→ YOUR TASK
The answer should contain only the lines from the beginning of the entries through the line that holds "Set mobilier gradina", given again exactly, with no pictures.
---*---
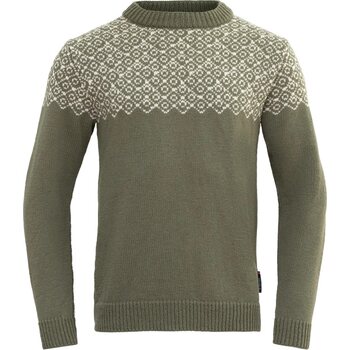 Devold Bjørnøya Sweater Crew Neck, Lichen/Offwhite, M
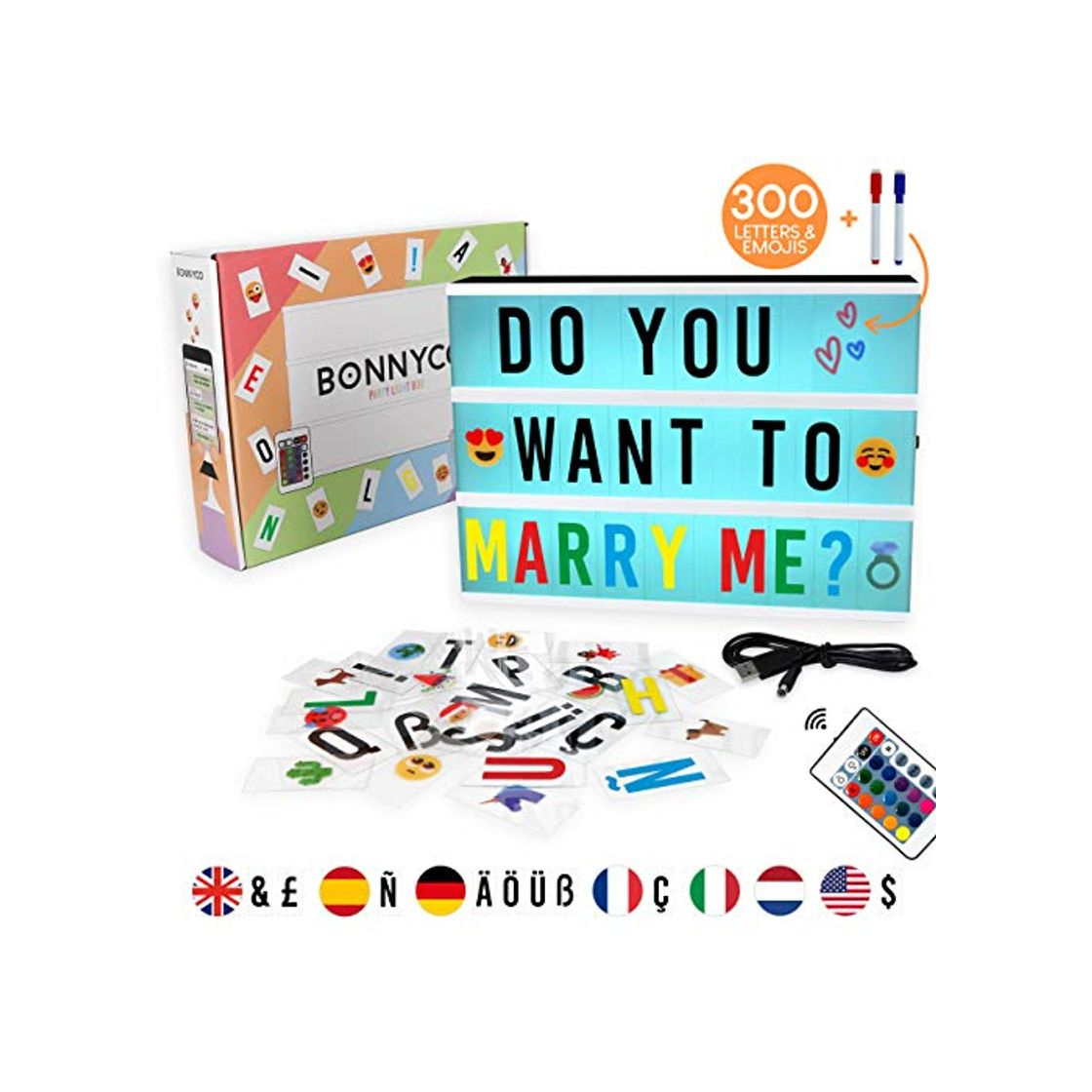 Social Caja de Luz A4 de Colores con 165 Letras y Emojis, Mando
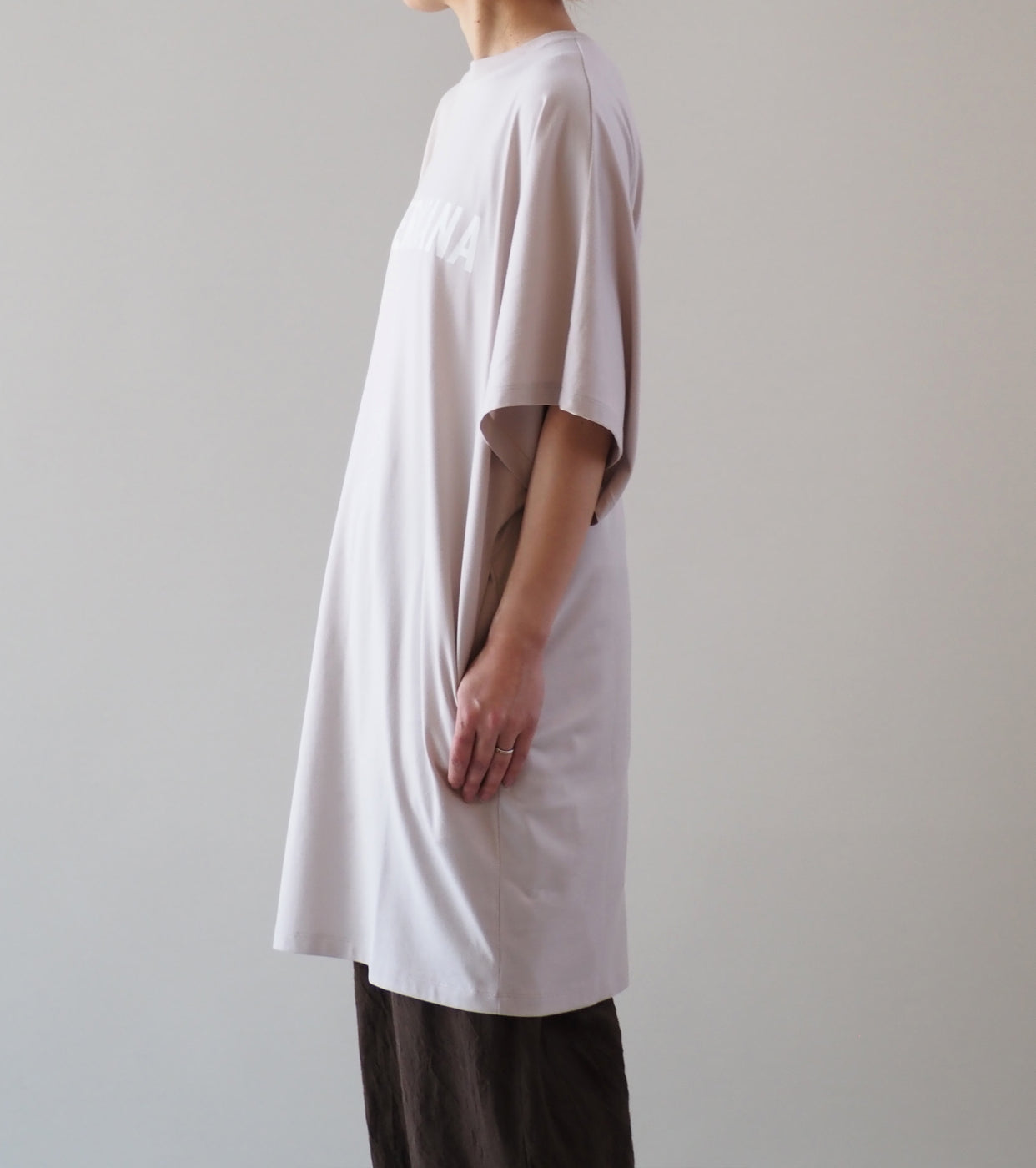 Americana Wide Sleeve Tee Shirt Tunic Length , Greige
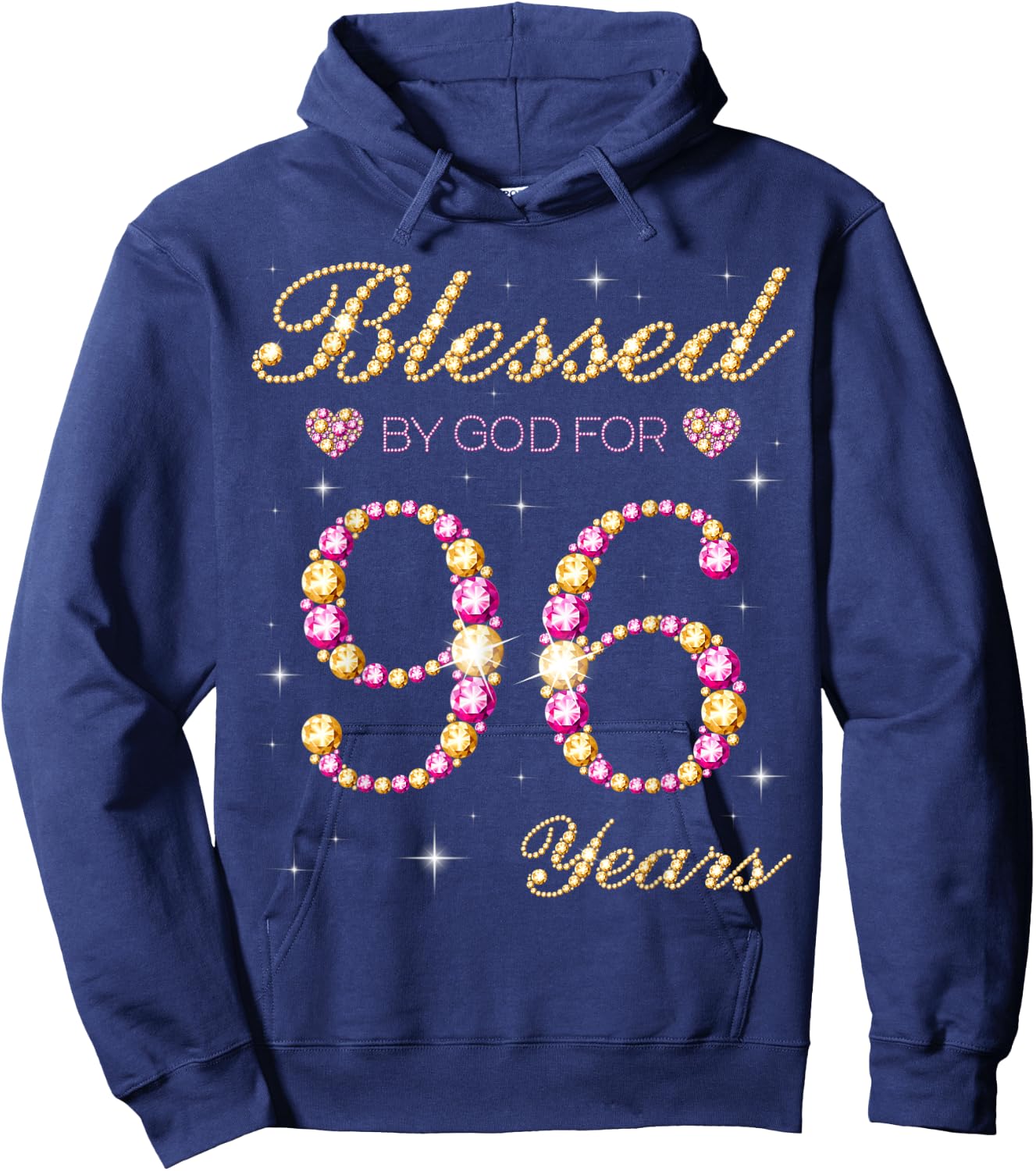 Blessed By God For 96 Years Old 96th Birthday Party Hoodie - Hoodie | Navy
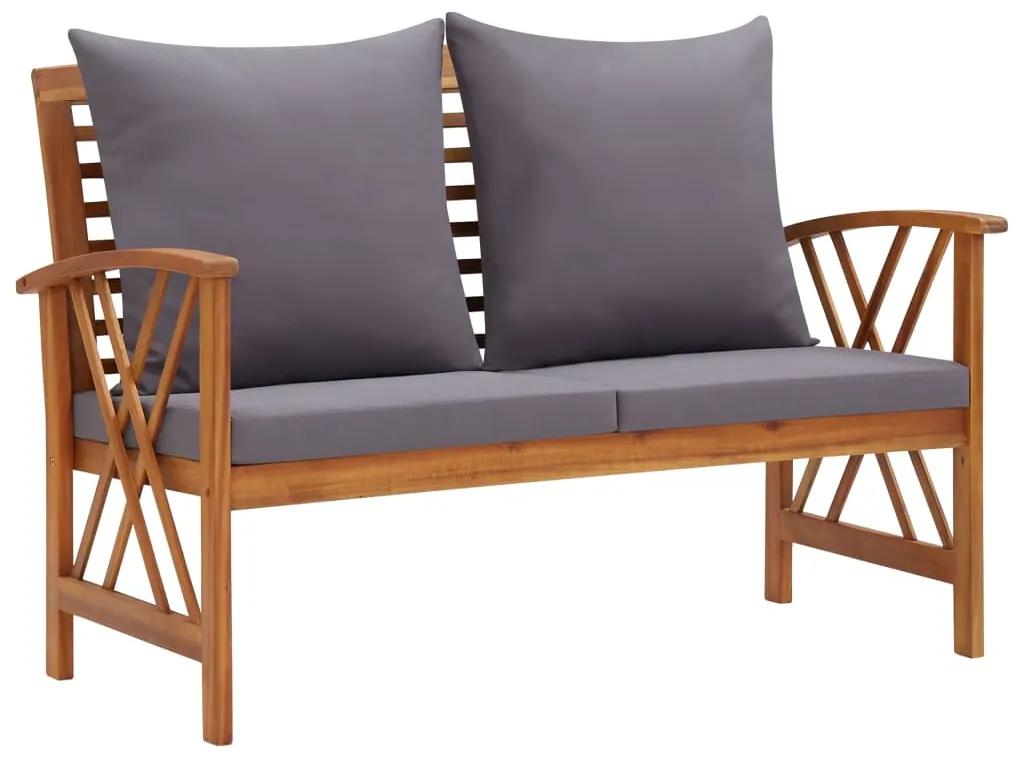 Set mobilier gradina cu perne, 5 piese, lemn masiv de acacia Gri, 2x banca + 2x fotoliu + masa, 1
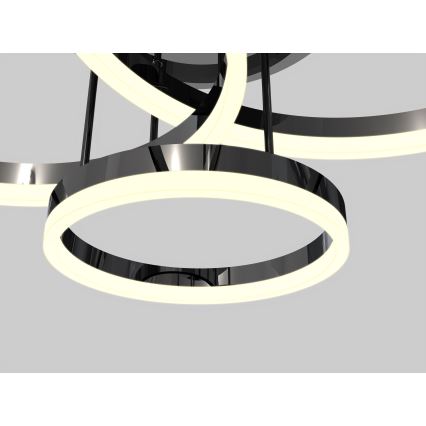 Wofi 9049-405 - LED Prigušivi nadgradni luster PERPIGNAN LED/51W/230V crna/sjajni krom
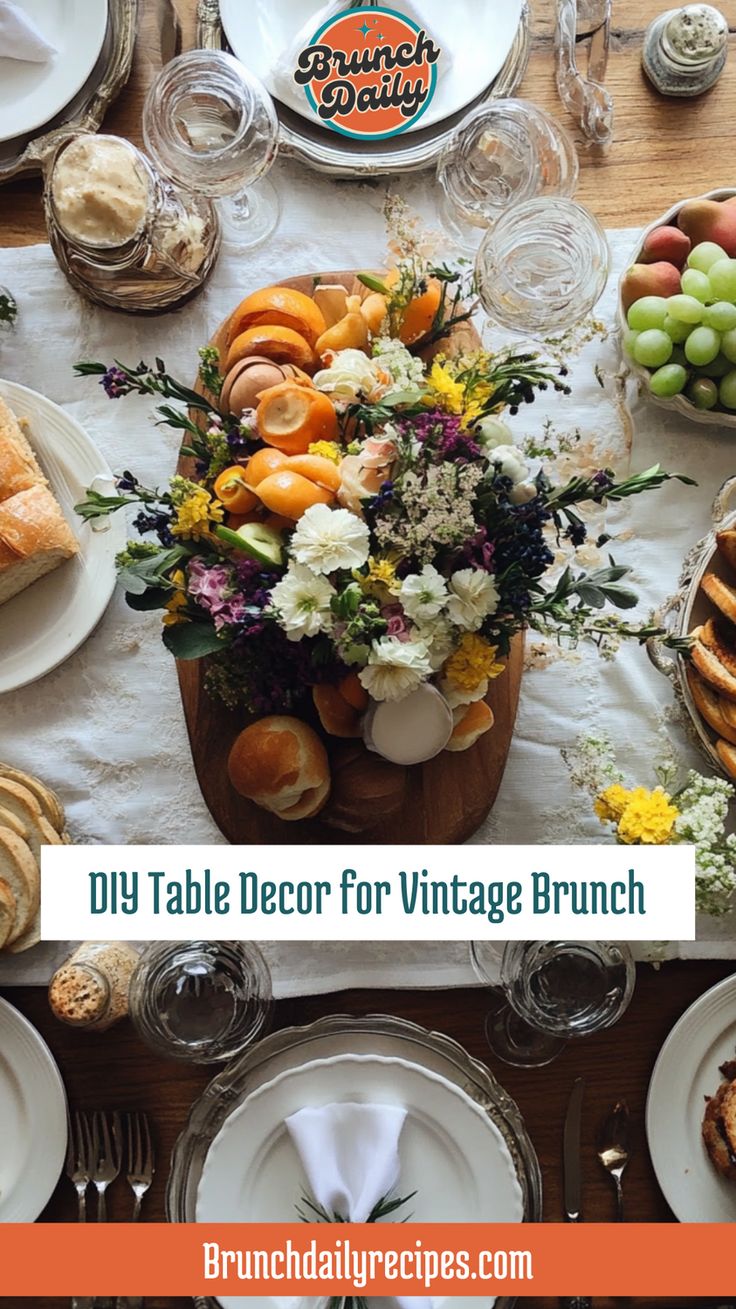 an image of a table setting with flowers and fruit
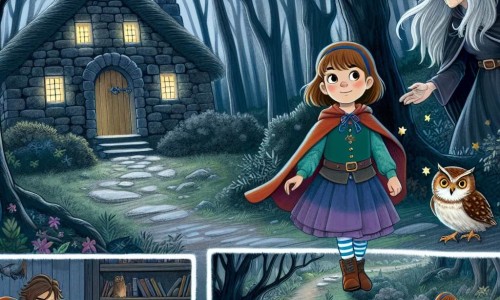 Une illustration destinée aux enfants représentant une jeune fille courageuse, perdue dans une forêt sombre et mystérieuse, accompagnée de sa fidèle chouette, et découvrant une maison en pierre cachée au cœur d'une clairière enchantée, où une sorcière bienveillante l'invite à entrer.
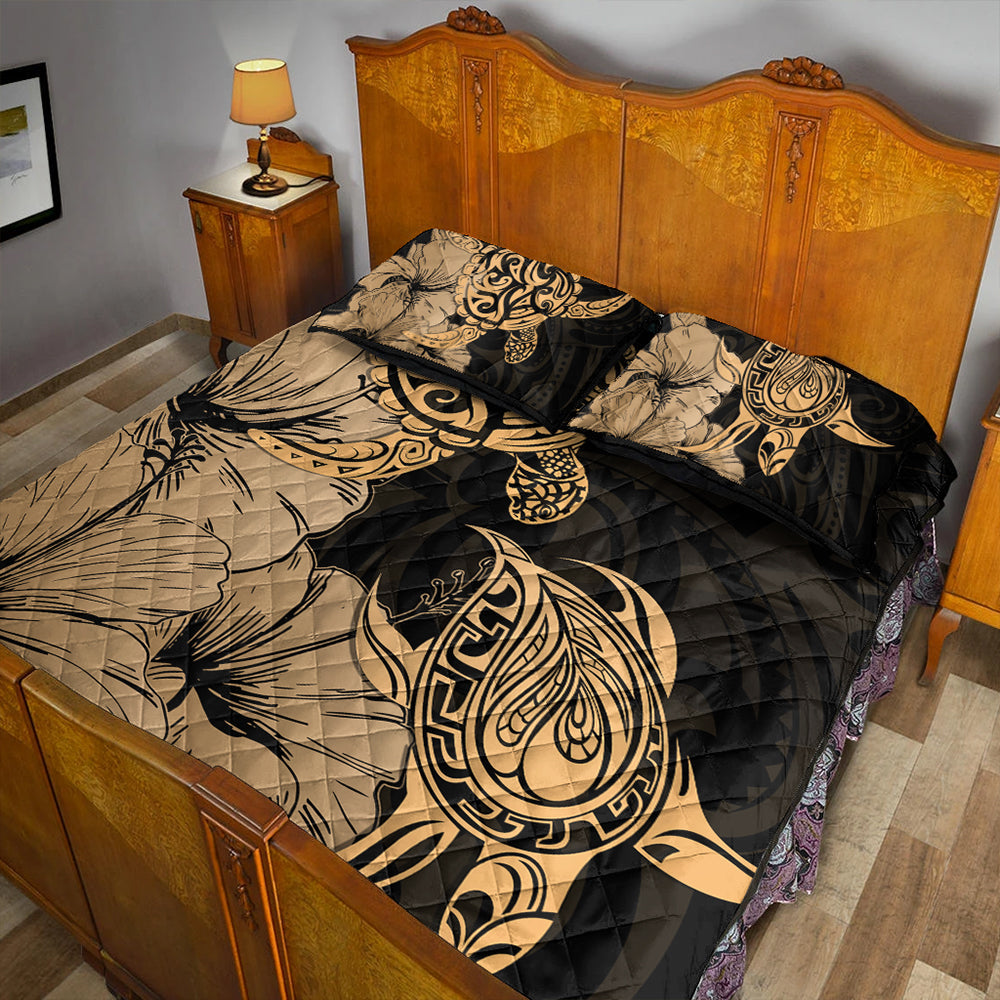 Hawaii Turtle Quilt Bed Set Polynesian Hibiscus Art Gold-Myprintsy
---*---
→ REPLY TO THE EXERCISE
 Devold Bjørnøya Sweater Crew Neck, Lichen/Offwhite, M
 Social Caja de Luz A4 de Colores con 165 Letras y Emojis, Mando
 Americana Wide Sleeve Tee Shirt Tunic Length , Greige
 Blessed By God For 96 Years Old 96th Birthday Party Hoodie - Hoodie | Navy
 Set mobilier gradina cu perne, 5 piese, lemn masiv de acacia Gri, 2x banca + 2x fotoliu + masa, 1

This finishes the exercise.